His greatest academic fame came from his excavation in 1896 of the papers of the Cairo Geniza, an extraordinary collection of over 100,000 pages (around 300,000 documents) of rare Hebrew religious manuscripts and medieval Jewish texts that were preserved at an Egyptian synagogue. The find revolutionized the study of Medieval Judaism.

Jacob Saphir was the first Jewish researcher to recognize the significance of the Cairo Geniza, as well as the first to publicize the existence of the Midrash ha-Gadol. Schechter was alerted to the existence of the Geniza's papers in May 1896 by two Scottish sisters, Agnes and Margaret Smith (also known as Mrs. Lewis and Mrs. Gibson), who showed him some leaves from the Geniza that contained the Hebrew text of Sirach, which had for centuries only been known in Greek and Latin translation. Letters, written at Schechter's prompting, by Agnes Smith to The Athenaeum and The Academy quickly revealed the existence of another nine leaves of the same manuscript in the possession of Archibald Sayce at University of Oxford. Schechter quickly found support for another expedition to the Cairo Geniza, and arrived there in December 1896 with an introduction from the Chief Rabbi, Hermann Adler, to the Chief Rabbi of Cairo, Aaron Raphael Ben Shim'on. He carefully selected for the Cambridge University Library a trove three times the size of any other collection: this is now part of the Taylor-Schechter Collection. The find was instrumental in Schechter resolving a dispute with David Margoliouth as to the likely Hebrew language origins of Sirach.

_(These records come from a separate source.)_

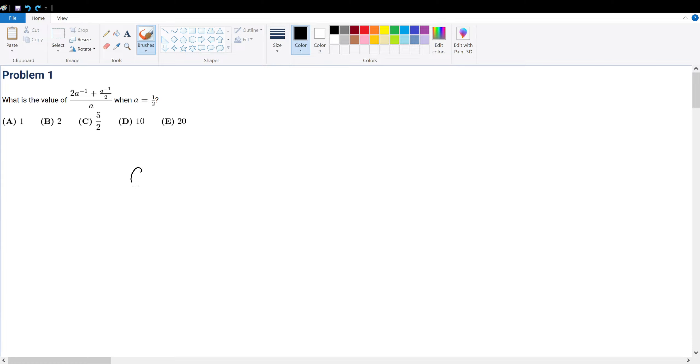Factor out a to the negative 1 first. If you factor out a to the negative 1, then that becomes 2 plus half, which is the same thing as 5 over 2.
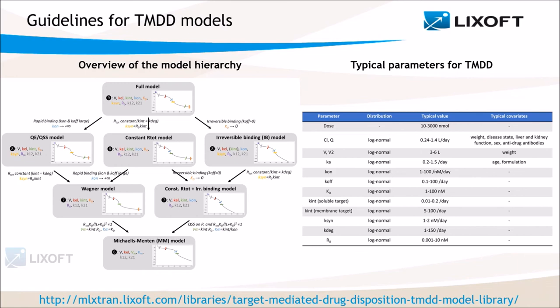On our online documentation, you can find guidelines that not only help to choose between models from the TMDD library, but that also explain which parameters impact each property of the curve, and what are the typical values for each parameter that can be used as initial estimates.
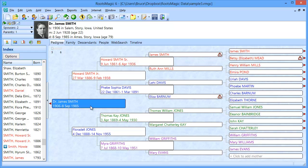In this short video, we're going to talk about a very powerful feature in RootsMagic called named groups. A named group basically allows you to select any group of people in your RootsMagic file and assign a name to that group, so you can then use that name when printing certain reports or creating GEDCOM files. You can just reference that group of people by that name.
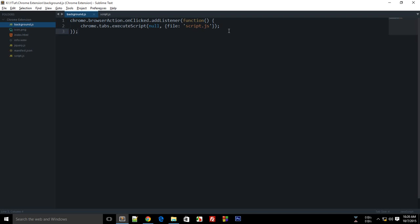Alright everybody, this is Mehul and welcome to your 36th Google Chrome extension development tutorial. In this tutorial, what we will be learning is about sending variables to your executing script.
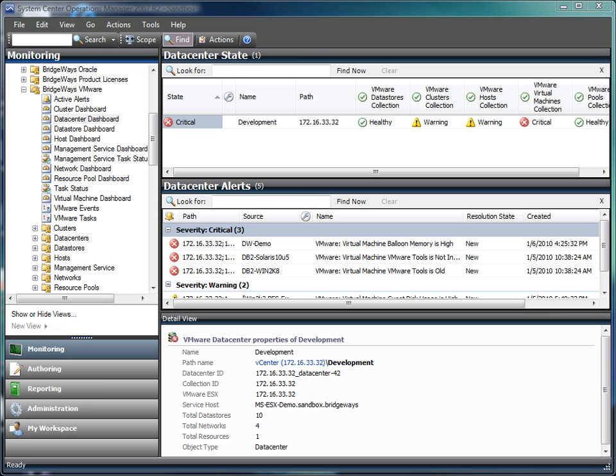In this session we are going to look at the Bridgeways Management Pack for VMware ESX. This management pack is built to monitor your ESX and ESXi based environments with full support for VI3, 3.5 and vSphere.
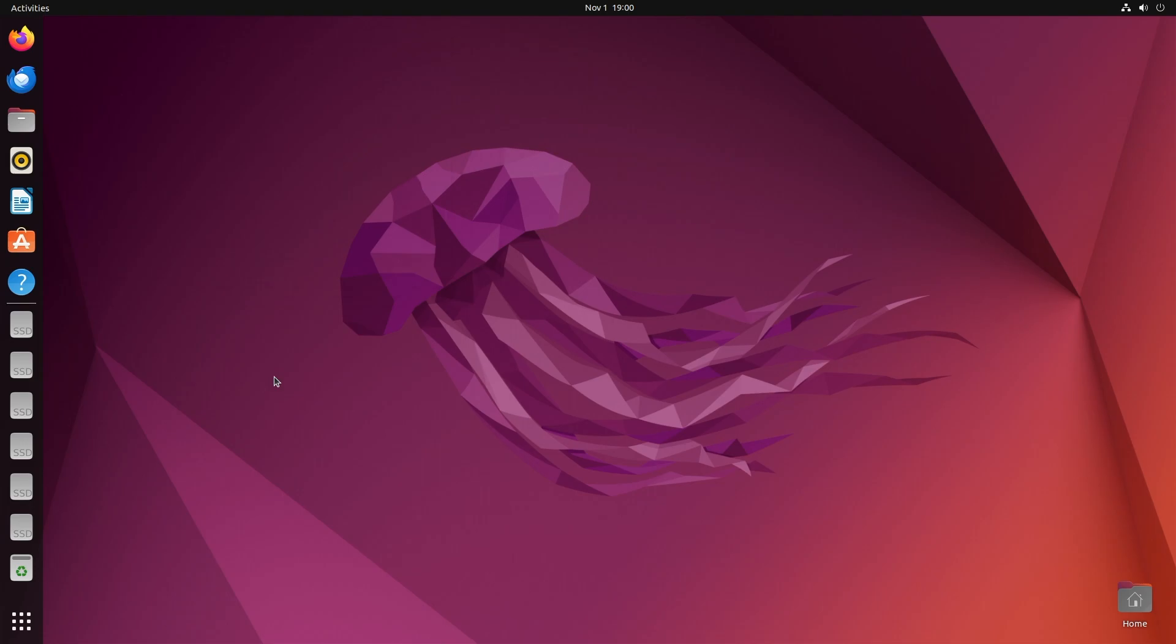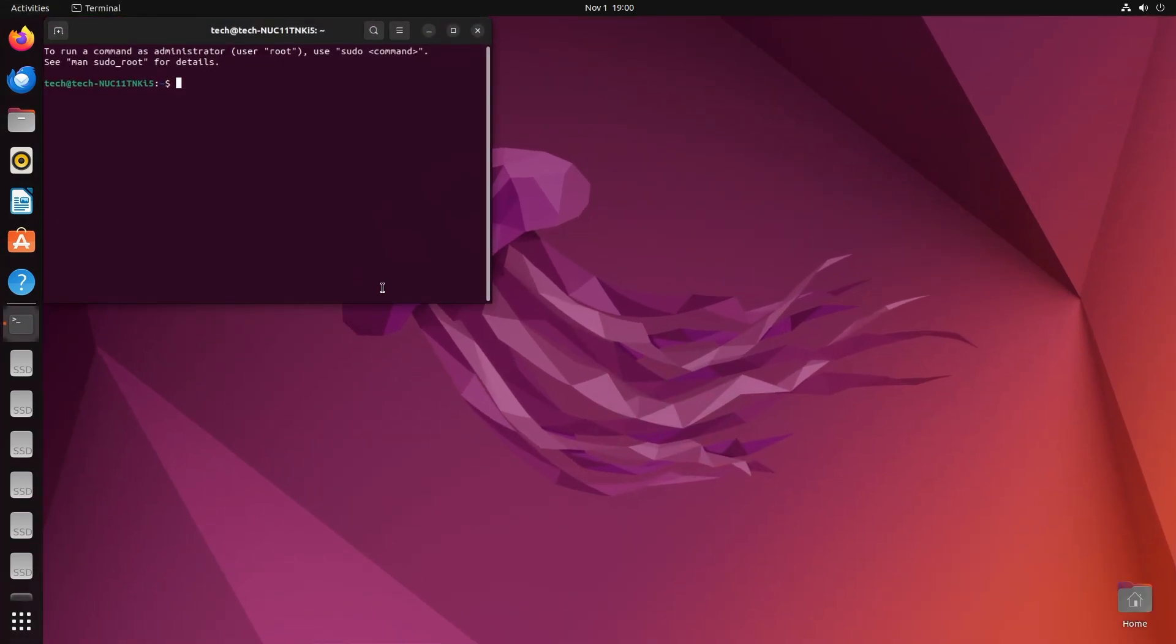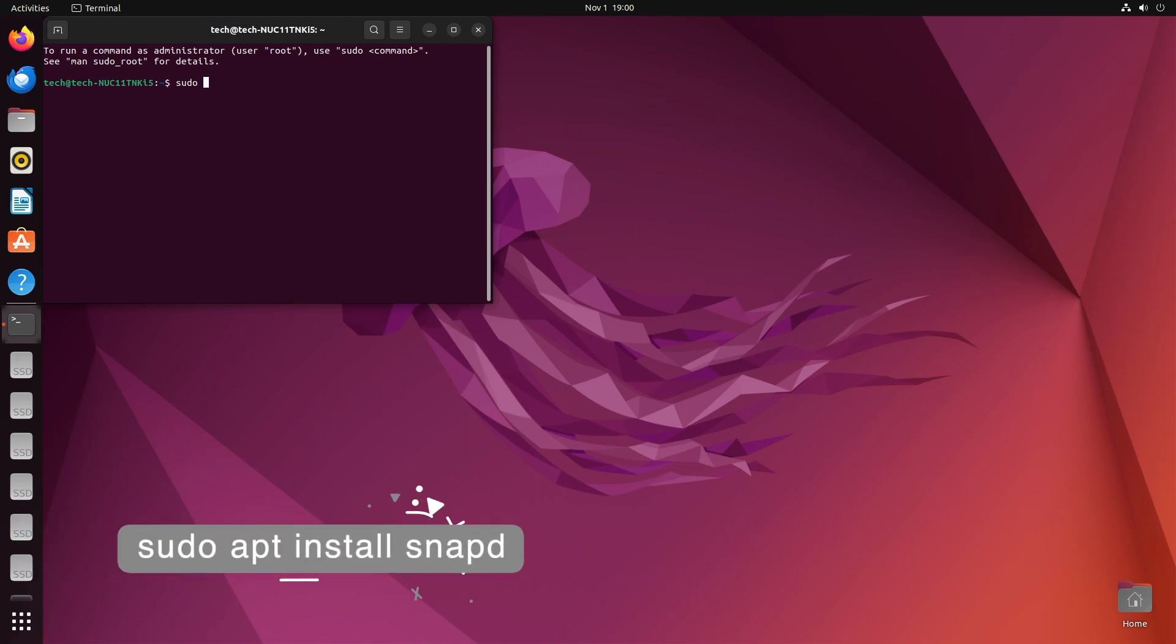And now let's begin to install Minecraft on Ubuntu. Open terminal and then execute the following commands one by one.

Charles Taylor took a great interest in Solomon Schechter's work in Cairo, and the genizah fragments presented to the University of Cambridge are known as the Taylor-Schechter Collection. He was joint editor with Schechter of The Wisdom of Ben Sira, 1899. He published separately Cairo Genizah Palimpsests, 1900.

He became a Professor of Hebrew at University College London in 1899 and remained until 1902 when he moved to the United States and was replaced by Israel Abrahams.

==American Jewish community==
In 1902, traditional Jews reacting against the progress of the American Reform Judaism movement, which was trying to establish an authoritative "synod" of American rabbis, recruited Schechter to become President of the Jewish Theological Seminary of America (JTSA).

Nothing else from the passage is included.